# [Brief]
Restate exactly, and only, the lines from the one with "Upper Lancaster Rd" through the end of the data, with both of those end lines kept. Drop any pictures.

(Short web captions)
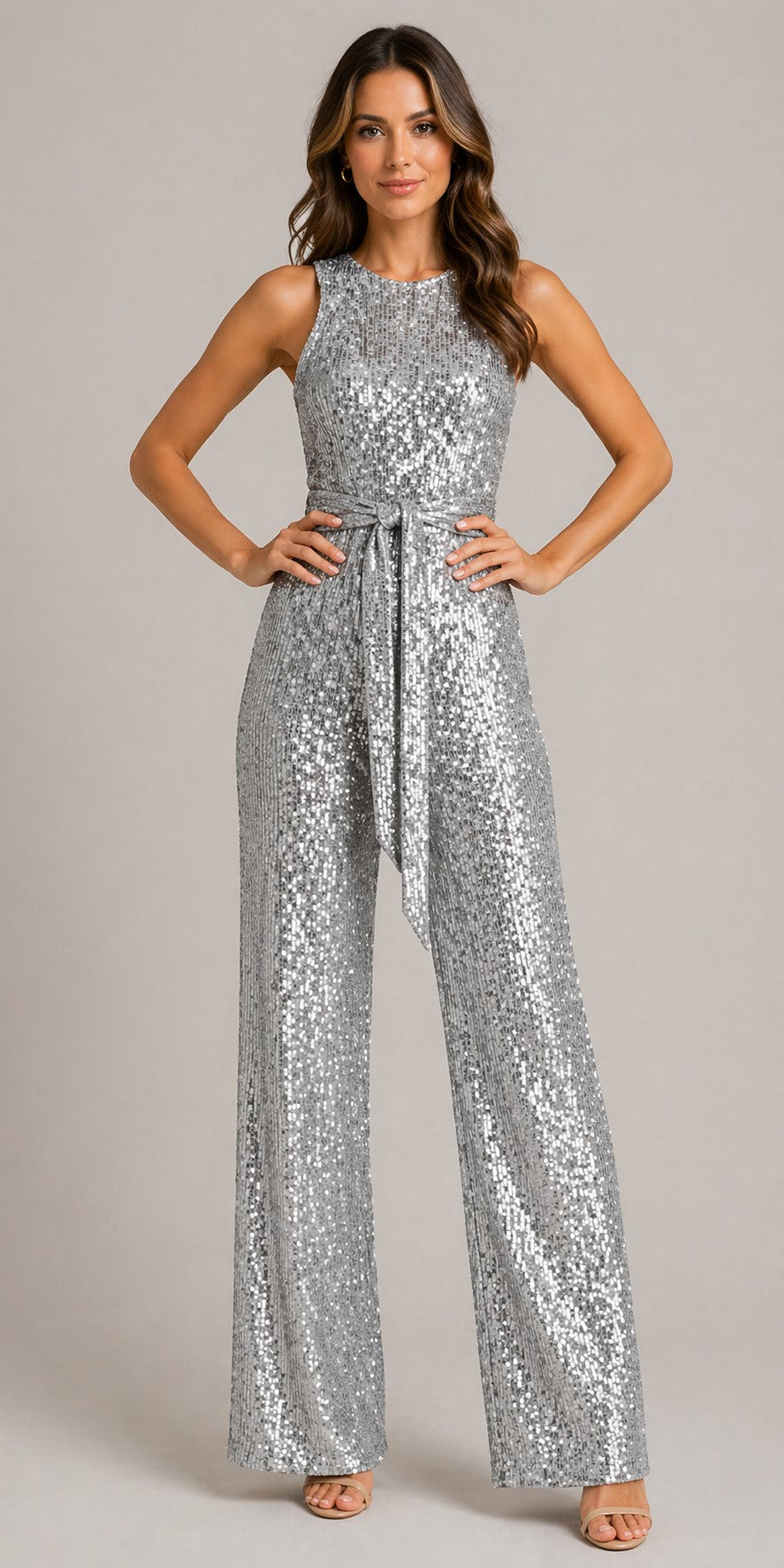 Women’s Sleeveless Round Neck Jumpsuit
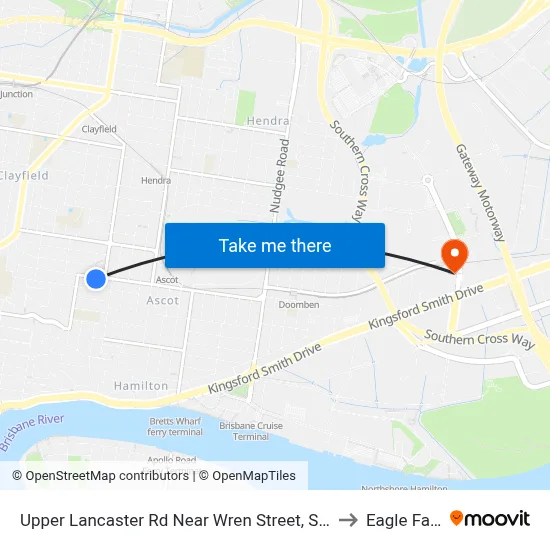 Upper Lancaster Rd Near Wren Street, Stop 25 to Eagle Farm map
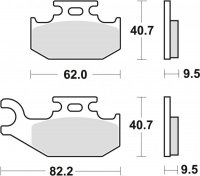 TRW ZF KLOCKI HAMULCOWE KH317 SINTER OFFROAD SUZUKI LTF 500 03-04, YAMAHA YXR 660 04-06 YFM 700 RAPTOR 06-, TYŁ 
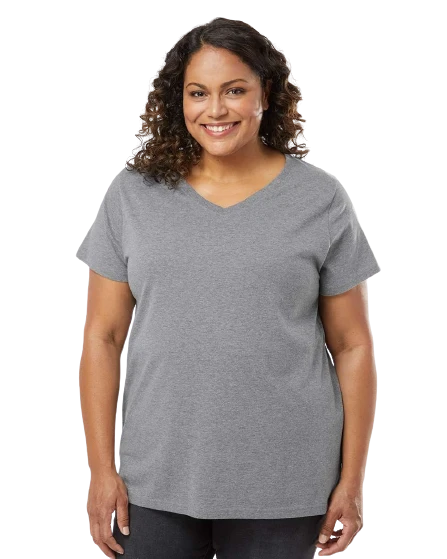 Ladies' Curvy V-Neck Fine Jersey T-Shirt 11 Ladies' Curvy V-Neck Fine Jersey T-Shirt - Image 9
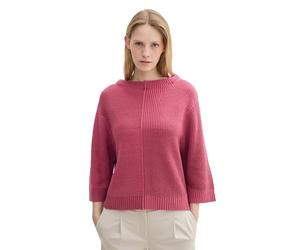 TOM TAILOR Damen Pullover mit Struktur,36341 - pink Patched Rib Knit, S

# [Task output]
 Upper Lancaster Rd Near Wren Street, Stop 25 to Eagle Farm map
 TRW ZF KLOCKI HAMULCOWE KH317 SINTER OFFROAD SUZUKI LTF 500 03-04, YAMAHA YXR 660 04-06 YFM 700 RAPTOR 06-, TYŁ 
 Ladies' Curvy V-Neck Fine Jersey T-Shirt 11 Ladies' Curvy V-Neck Fine Jersey T-Shirt - Image 9
 TOM TAILOR Damen Pullover mit Struktur,36341 - pink Patched Rib Knit, S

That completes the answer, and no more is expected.